Data excerpts:
= = =

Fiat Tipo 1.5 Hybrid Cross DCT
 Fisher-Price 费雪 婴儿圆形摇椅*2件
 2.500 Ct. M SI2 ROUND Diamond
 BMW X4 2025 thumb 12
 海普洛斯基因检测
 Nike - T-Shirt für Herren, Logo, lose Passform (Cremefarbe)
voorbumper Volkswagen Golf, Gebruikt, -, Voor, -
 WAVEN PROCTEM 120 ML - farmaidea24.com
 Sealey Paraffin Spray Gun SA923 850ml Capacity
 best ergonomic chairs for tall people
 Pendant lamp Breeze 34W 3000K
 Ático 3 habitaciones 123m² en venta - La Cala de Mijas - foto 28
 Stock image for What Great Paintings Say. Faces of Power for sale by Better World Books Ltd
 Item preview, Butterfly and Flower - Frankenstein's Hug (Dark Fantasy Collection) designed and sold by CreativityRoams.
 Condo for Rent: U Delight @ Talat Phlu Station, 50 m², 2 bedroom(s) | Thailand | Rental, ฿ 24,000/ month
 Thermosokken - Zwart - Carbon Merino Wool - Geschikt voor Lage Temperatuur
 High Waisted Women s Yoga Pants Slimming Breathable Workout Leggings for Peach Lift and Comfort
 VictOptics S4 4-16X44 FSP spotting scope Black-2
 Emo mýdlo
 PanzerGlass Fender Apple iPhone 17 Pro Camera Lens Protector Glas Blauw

= = =

== Directions ==
Exactly reproduce all of the entries above.

== Output of the exercise ==
Fiat Tipo 1.5 Hybrid Cross DCT
 Fisher-Price 费雪 婴儿圆形摇椅*2件
 2.500 Ct. M SI2 ROUND Diamond
 BMW X4 2025 thumb 12
 海普洛斯基因检测
 Nike - T-Shirt für Herren, Logo, lose Passform (Cremefarbe)
voorbumper Volkswagen Golf, Gebruikt, -, Voor, -
 WAVEN PROCTEM 120 ML - farmaidea24.com
 Sealey Paraffin Spray Gun SA923 850ml Capacity
 best ergonomic chairs for tall people
 Pendant lamp Breeze 34W 3000K
 Ático 3 habitaciones 123m² en venta - La Cala de Mijas - foto 28
 Stock image for What Great Paintings Say. Faces of Power for sale by Better World Books Ltd
 Item preview, Butterfly and Flower - Frankenstein's Hug (Dark Fantasy Collection) designed and sold by CreativityRoams.
 Condo for Rent: U Delight @ Talat Phlu Station, 50 m², 2 bedroom(s) | Thailand | Rental, ฿ 24,000/ month
 Thermosokken - Zwart - Carbon Merino Wool - Geschikt voor Lage Temperatuur
 High Waisted Women s Yoga Pants Slimming Breathable Workout Leggings for Peach Lift and Comfort
 VictOptics S4 4-16X44 FSP spotting scope Black-2
 Emo mýdlo
 PanzerGlass Fender Apple iPhone 17 Pro Camera Lens Protector Glas Blauw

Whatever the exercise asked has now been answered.